As with any other system, the "data-base" (here, a flat file system designed by me), will experience certain concentration of traffic on certain files that may grow to about 5mb, or 10mb, and perhaps on a data intensive system about 20mb. Most of it will be "reading", but part of it will involve writing. I want to pick the best strategic and safest method to do this regarding speed + safety writing to the file (reading is usually not a problem).
Option #1. file_get_contents
It is said to be the best method to read files using PHP, however, diverse documentation says it's memory intensive and it will load the whole file at once. Some other documentation says you can specify offset, and the whole thing may work better than expected, because PHP may use special mapping techniques if the current OS supports them. The problem is, I don't like the idea of loading the whole file at once (imagine 20 mb having lots of requests per second), and... I don't like not knowing what sort of OS mods are in place, as the system may go from server A to server B. I value independence... a lot, making the system as flexible and neutral as possible.
Option #2. fopen() // fread() <-- this is what I'm using right now
It's my personal choice at the moment and it works pretty well during my tests. This option allows me fine control over opening for reading only, or writing, and it seems safest, even the append option comes handy, but I have to load the entire file in memory. There is a limit to how far I can go optimizing my data structure, then, I'm on the realm of the command limitations or effects of large amounts of data. I can even load just the beginning of a file, but I see no options to load the middle or end (or progressively).
Option #3. fgets() <-- I can read line by line (I'm looking at this as my possibly best option)
This allows me to open large files without loading them entirely on memory, and move up and down while searching that, quite handy to avoid using too much memory and keeping my scripts under safe ranges.
Option #4. SplFileObject
I'm reading I can read line by line without loading the whole file in memory, many users reports it's fast and reliable, and it uses very little resources.
- - - - - - - - - -
Why? details?
I created my previous framework and CMS (built on top of my framework) using PERL, and it's fast and reliable, it handled pretty well sites having 7,000-9,000 daily visits with recurrent page reads. The same system handled site A with 7-9K daily unique; site B with 5K daily unique; site C with 3K unique; and site D with around the same 3K daily unique; with a temporary site E with 1,500 daily unique. All of those websites were hosted on the same server and never experienced any problems.
Why flat file databases? because if well designed (along with the right code), they can be really fast, and I absolutely love how easy this allow me to just zip and move to another server without the need of any extra configurations or modifications.
But, what about collisions?
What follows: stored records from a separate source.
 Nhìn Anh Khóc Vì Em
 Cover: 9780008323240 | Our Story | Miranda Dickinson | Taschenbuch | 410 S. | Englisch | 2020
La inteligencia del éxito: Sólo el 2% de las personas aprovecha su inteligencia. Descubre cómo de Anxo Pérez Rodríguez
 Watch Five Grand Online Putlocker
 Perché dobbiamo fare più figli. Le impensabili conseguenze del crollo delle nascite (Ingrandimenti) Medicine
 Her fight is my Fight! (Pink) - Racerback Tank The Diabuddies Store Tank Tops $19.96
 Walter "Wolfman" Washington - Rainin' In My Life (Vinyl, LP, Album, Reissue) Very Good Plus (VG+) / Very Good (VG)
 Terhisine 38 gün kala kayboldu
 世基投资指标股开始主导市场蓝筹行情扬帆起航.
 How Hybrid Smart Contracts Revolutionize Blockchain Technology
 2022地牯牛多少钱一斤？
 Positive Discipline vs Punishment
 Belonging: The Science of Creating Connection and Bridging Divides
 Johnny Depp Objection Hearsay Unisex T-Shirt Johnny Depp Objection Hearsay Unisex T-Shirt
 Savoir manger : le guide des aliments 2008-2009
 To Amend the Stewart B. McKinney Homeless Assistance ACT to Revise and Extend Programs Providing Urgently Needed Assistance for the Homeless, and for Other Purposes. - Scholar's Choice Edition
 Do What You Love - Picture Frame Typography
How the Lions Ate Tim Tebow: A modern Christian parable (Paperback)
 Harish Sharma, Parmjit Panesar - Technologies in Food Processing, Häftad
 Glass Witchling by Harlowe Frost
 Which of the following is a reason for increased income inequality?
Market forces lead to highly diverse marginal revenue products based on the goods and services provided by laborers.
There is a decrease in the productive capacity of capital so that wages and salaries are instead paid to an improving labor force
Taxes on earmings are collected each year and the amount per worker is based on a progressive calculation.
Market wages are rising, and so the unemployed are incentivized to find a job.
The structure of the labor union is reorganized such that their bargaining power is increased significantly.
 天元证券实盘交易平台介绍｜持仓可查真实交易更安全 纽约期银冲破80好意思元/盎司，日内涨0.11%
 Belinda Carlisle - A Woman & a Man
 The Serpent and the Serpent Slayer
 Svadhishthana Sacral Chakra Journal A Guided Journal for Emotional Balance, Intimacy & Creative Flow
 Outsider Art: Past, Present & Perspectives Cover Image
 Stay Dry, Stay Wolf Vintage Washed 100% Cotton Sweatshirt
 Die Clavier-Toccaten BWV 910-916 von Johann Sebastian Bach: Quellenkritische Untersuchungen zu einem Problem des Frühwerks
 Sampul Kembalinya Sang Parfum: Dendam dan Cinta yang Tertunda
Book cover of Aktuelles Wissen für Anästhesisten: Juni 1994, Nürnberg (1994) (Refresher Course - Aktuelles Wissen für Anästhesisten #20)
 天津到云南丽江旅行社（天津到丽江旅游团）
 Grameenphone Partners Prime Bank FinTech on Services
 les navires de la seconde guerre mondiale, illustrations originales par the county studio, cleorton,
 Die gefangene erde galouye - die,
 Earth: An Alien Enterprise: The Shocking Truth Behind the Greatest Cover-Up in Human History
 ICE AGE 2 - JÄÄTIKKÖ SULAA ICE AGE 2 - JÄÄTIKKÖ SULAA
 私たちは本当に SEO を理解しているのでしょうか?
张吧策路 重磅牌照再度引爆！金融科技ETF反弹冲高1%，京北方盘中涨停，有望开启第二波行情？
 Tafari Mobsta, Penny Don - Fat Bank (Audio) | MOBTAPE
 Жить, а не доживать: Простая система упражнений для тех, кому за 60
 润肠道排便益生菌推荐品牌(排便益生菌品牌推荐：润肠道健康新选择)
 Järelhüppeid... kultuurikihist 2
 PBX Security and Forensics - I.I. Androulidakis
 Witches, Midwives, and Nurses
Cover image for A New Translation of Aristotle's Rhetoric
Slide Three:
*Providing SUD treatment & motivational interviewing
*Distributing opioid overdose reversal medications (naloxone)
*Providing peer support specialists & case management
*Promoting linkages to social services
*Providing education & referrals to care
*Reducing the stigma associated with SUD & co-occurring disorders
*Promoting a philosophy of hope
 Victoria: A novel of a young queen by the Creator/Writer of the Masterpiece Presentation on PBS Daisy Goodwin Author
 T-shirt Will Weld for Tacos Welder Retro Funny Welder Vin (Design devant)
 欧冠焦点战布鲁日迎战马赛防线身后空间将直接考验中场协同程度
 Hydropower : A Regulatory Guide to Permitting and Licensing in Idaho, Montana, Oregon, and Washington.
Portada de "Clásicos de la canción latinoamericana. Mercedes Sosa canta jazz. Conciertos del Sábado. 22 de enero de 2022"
I was very careful with the code to avoid any, never experienced a single one.
What about speed? damn fast, also added cache optimization.
I know the risks of flat file databases, and I avoid all I can handling data while the file is open, I open, read, process all I need, and when file writing is required, it's open again and done without wasting time.
I want to achieve this using PHP, but I'm not as experienced here as with Perl. Why not continuing with Perl? many new servers don't come with standard configurations, meaning every time my system is moved... chaos appears and I need to advice the sysadmin on what to do, they have been quite positive and helpful, but I don't want to deal with that anymore. Besides, Perl has some limitations and bugs with dates, some appear on some severs, others appear on other servers, I'm tired of that and I had to code a lot to avoid using modules, keeping such use at minimum. Many things like that are standard PHP options, I love Perl, but it's time to move on. My first Perl CMS was written around 2007, and the one I'm currently using (framework and cms) it's from 2010.
Naturally, I'm studying my options to code this new PHP framework and CMS to exceed my current needs, anticipating possible scenarios with lots of traffic.
I will appreciate your comments and corrections if any. Thanks in advance.